### Exercise instructions
Return each record word for word and omit the pictures.

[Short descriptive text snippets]
★ ★ ★ ★

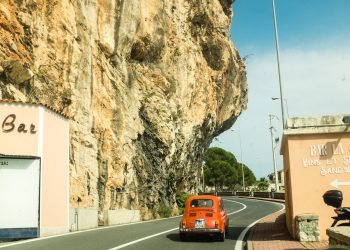 L’estate è arrivata, è tempo di partire… in auto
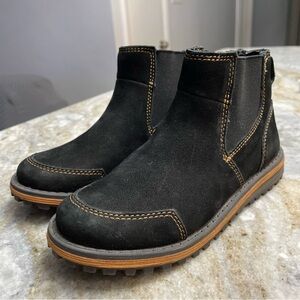 Umi “Dallas” Black Suede Boots Kids Size 12
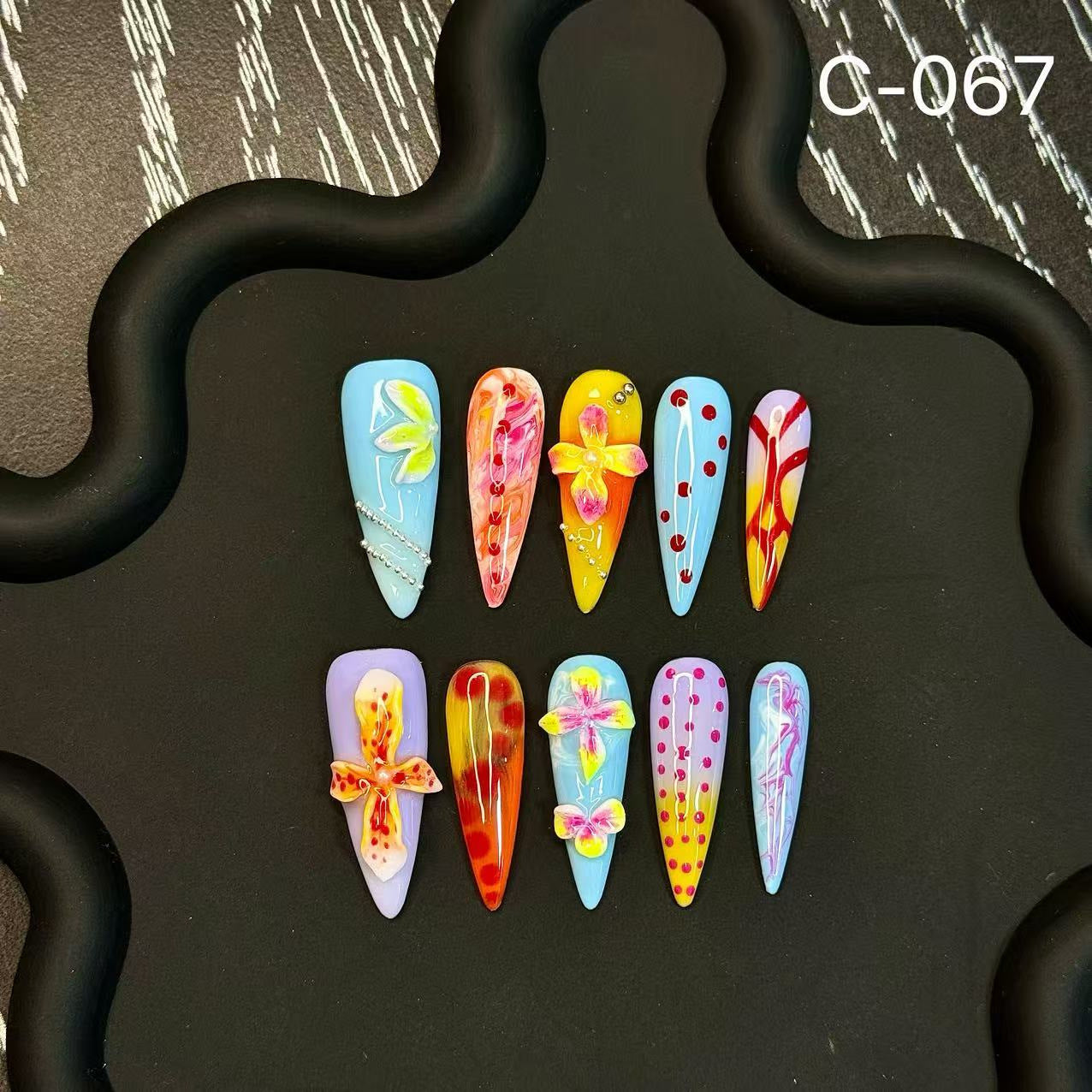 Handcrafted Pinch Hand Painted Colorful Carving Press on Nails Dopamine Patch Stereoscopic Wholesale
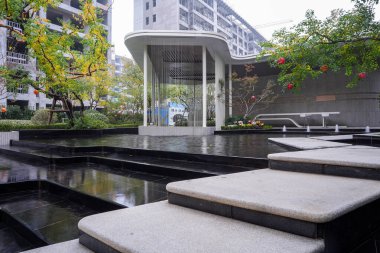 Belirgin taş basamakları olan sakin bir su özelliğini tesis ortamında yakalayan bir manzara. İmaj, toplumsal barışı, kentsel doğayı, mimari düzeni ve refahı taşır. Sığ derinlikli yüksek kaliteli gerçek fotoğrafçılık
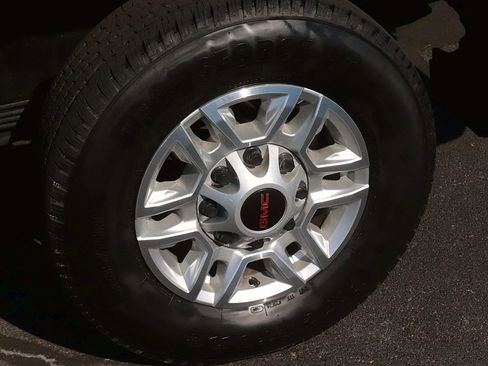 Used 2025 GMC Sierra 2500 Pro AWD/4WD image 11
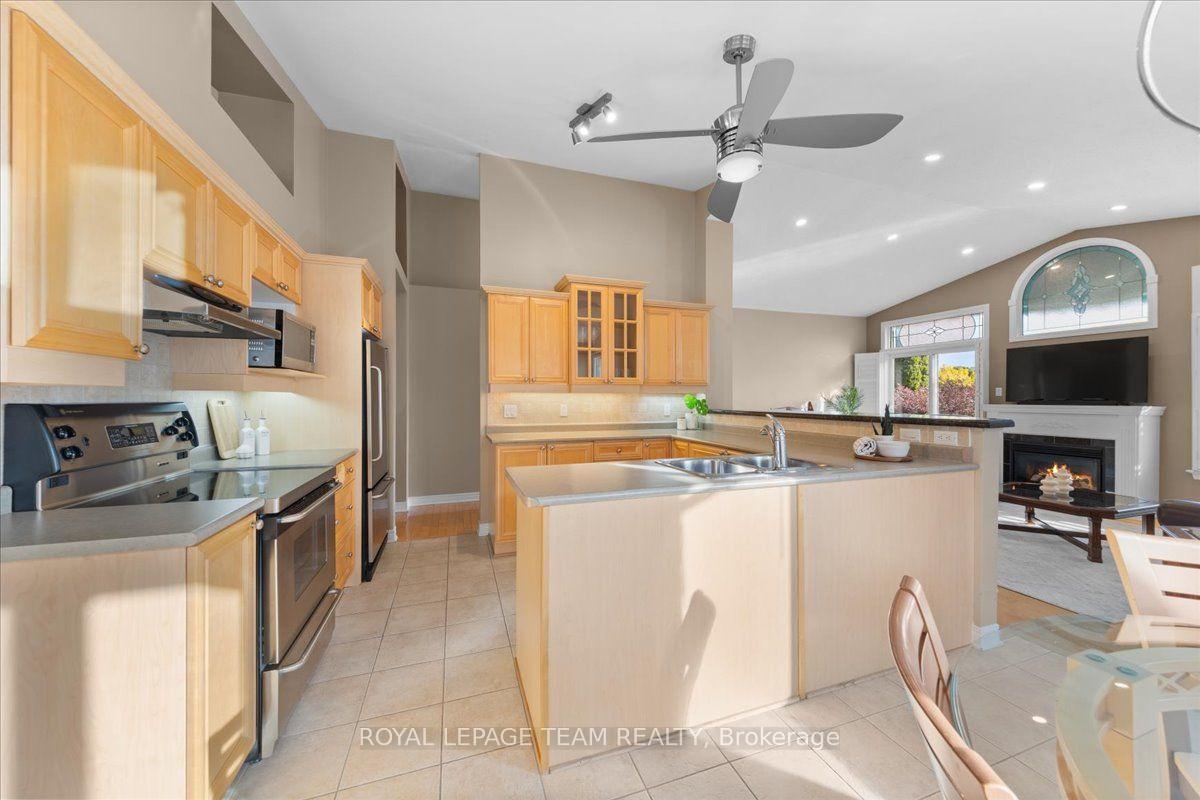 Photo 15 of 6 Amberlakes Drive, Ottawa, Stittsville (Central) — HOMEH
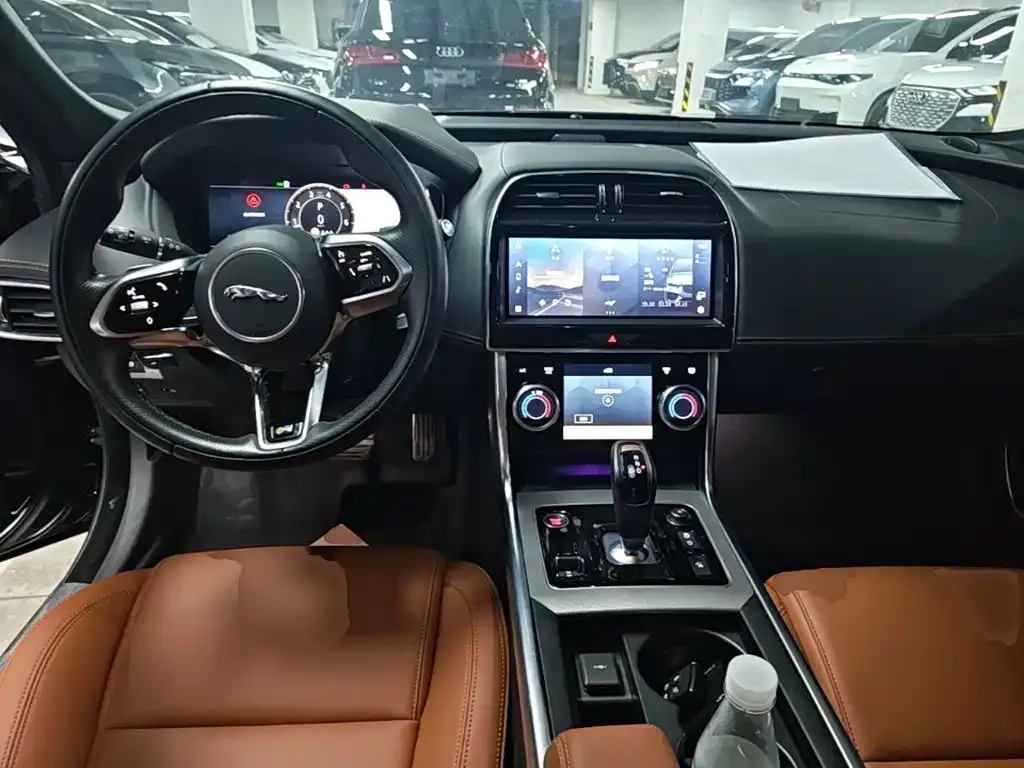 Jaguar XEL — фото 3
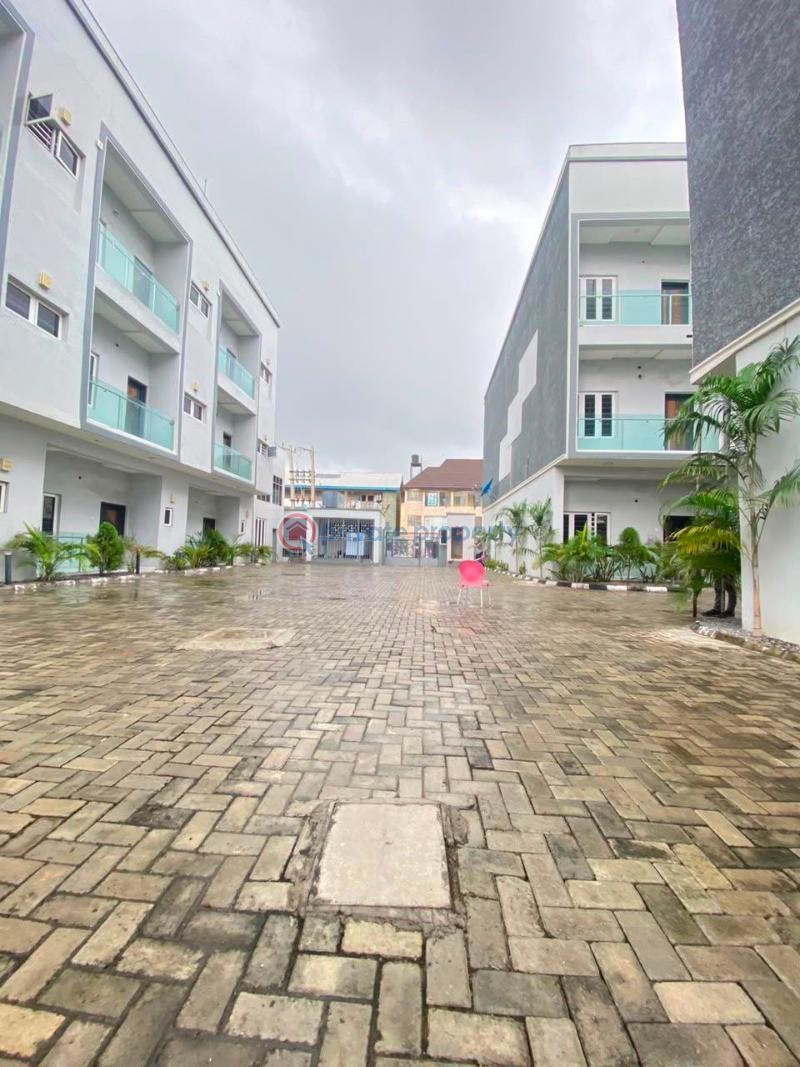 1 bedroom Shared Apartment For Rent Mobil Road Estate Ilaje Ajah Lagos - 2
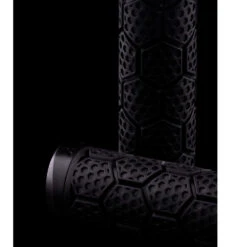 Sixpack D-Trix PA Lock-On Handlebar Grips - Red Velvet -ROCKSHOX Sales sixpack d trix pa grips black close 1376274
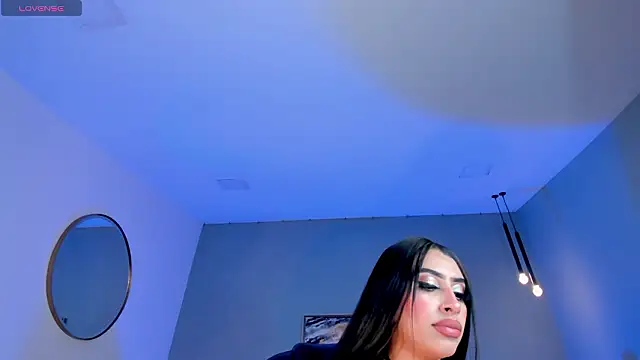 LeahLombardi  online show from 13, 3, 2026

★ ★ ★ ★

### Output
 L’estate è arrivata, è tempo di partire… in auto
 Umi “Dallas” Black Suede Boots Kids Size 12
 Handcrafted Pinch Hand Painted Colorful Carving Press on Nails Dopamine Patch Stereoscopic Wholesale
 Belirgin taş basamakları olan sakin bir su özelliğini tesis ortamında yakalayan bir manzara. İmaj, toplumsal barışı, kentsel doğayı, mimari düzeni ve refahı taşır. Sığ derinlikli yüksek kaliteli gerçek fotoğrafçılık
 Used 2025 GMC Sierra 2500 Pro AWD/4WD image 11
 Photo 15 of 6 Amberlakes Drive, Ottawa, Stittsville (Central) — HOMEH
 Jaguar XEL — фото 3
 1 bedroom Shared Apartment For Rent Mobil Road Estate Ilaje Ajah Lagos - 2
 Sixpack D-Trix PA Lock-On Handlebar Grips - Red Velvet -ROCKSHOX Sales sixpack d trix pa grips black close 1376274
 LeahLombardi  online show from 13, 3, 2026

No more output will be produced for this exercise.